真木さんは、いちこの心情は「理解できる」としながら、「私は、自分が生きてきたことや経験してきたことを否定してしまう言葉はあまり好きではないんです」と、自身と、自分を卑下しがちないちことの違いを指摘する。だからこそ、「自分を好きにならないと、そこから何も始まっていかないと希望を持つ決断をしたいちこには、すごく共感できた」と話す。
◇実は性格は「いちこ」寄り?
真木さんといえばこれまで、陰のある女性やカッコいい女性を演じることが多く、そのイメージが定着している。しかし本人は「何回も共演している西島さんが、『実は真木さんて、いちこに近いんだよね』と言ってくださるんですけど、本当にそうなんです。クールでカッコいいとおっしゃってもらえるのはすごくうれしいんですけど、実はものすごくふわふわしていて、何かを考えているようで、実は何も考えていないというか……(笑い)」と世間のイメージと素の自分のギャップに戸惑いの表情を見せる。
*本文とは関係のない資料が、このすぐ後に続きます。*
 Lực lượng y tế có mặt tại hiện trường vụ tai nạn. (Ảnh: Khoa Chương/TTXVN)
では、真木さんにとって今回のいちこは演じやすかったかというと、それはまた別のようで、真木さんによると「カッコいいとかクールとか、イメージが先行している役」のほうが、「お芝居もせばまってくるので考えやすい」のだという。それに対していちこは、「自分のやりたいことや好きな人のことを考えて、どちらかというと内気な性格。そういう女の子ってすごく多いと思うんです。そういう普通の子の役の方が、実は演じていて難しい」のだという。というのも、「どんなせりふ回しをしても、どんな表情をしても成立してしまう」からだ。それだけに今回のいちこ役は、「やってみると本当に面白いし、役の幅が広いからこそ役を作り上げていく楽しさもあるということを発見できた」と手応えを感じたようで、「これからもっとこういう役にチャレンジしていきたいです」と意欲を見せる。
◇「浮いていた」脳内メンバーとのランチ
撮影は、真木さんと、古川さん、成河さんの三角関係を中心にした“現実パート”を先に撮り、その後、“脳内パート”を撮るという順で進められた。真木さんが脳内メンバー5人と直接からむ場面は少なく、その5人はクランクイン早々に意気投合し、昼食は必ず5人そろってとっていたという。そんな5人に真木さんは、「楽しそうでしたよ。ものすごく仲がよくて」とうらやましそうな表情を見せる。真木さんも5人とランチを共にしたことがあったそうだが、「“黒いちこ”で登場したときに参加させていただいたんですけど、なにせ衣裳が衣裳なので脱げないんですね。そのままスタジオの食堂に行ったんですが、すごく浮いていて(笑い)。5人とはまだちょっと仲良くなれていないしで、おかしな光景だったと思います」と、いま一つ輪に入っていけなかったことが心残りのようだ。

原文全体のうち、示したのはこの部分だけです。